»»

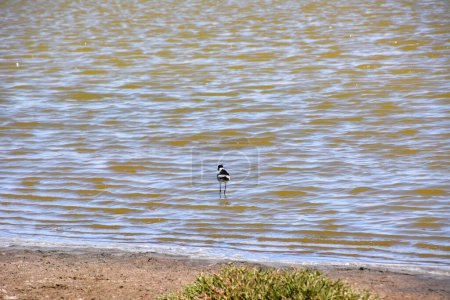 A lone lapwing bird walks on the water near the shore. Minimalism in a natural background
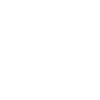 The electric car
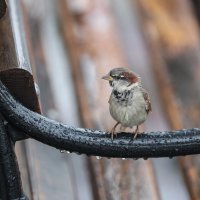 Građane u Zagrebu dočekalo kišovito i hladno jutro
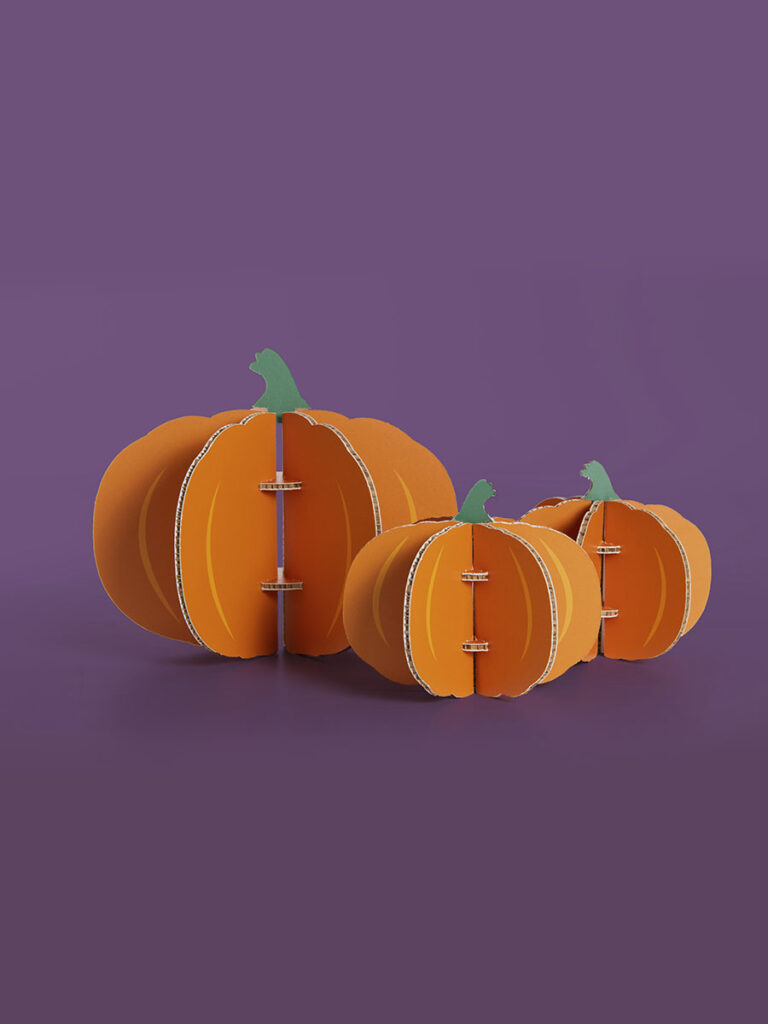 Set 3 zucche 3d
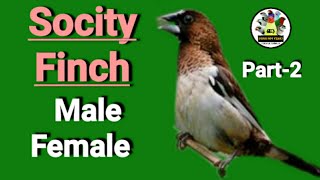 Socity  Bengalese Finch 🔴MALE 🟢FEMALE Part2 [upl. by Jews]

««

Return each record above as it stands. Pictures stay out.

 A lone lapwing bird walks on the water near the shore. Minimalism in a natural background
 The electric car
 Građane u Zagrebu dočekalo kišovito i hladno jutro
 Set 3 zucche 3d
 Socity  Bengalese Finch 🔴MALE 🟢FEMALE Part2 [upl. by Jews]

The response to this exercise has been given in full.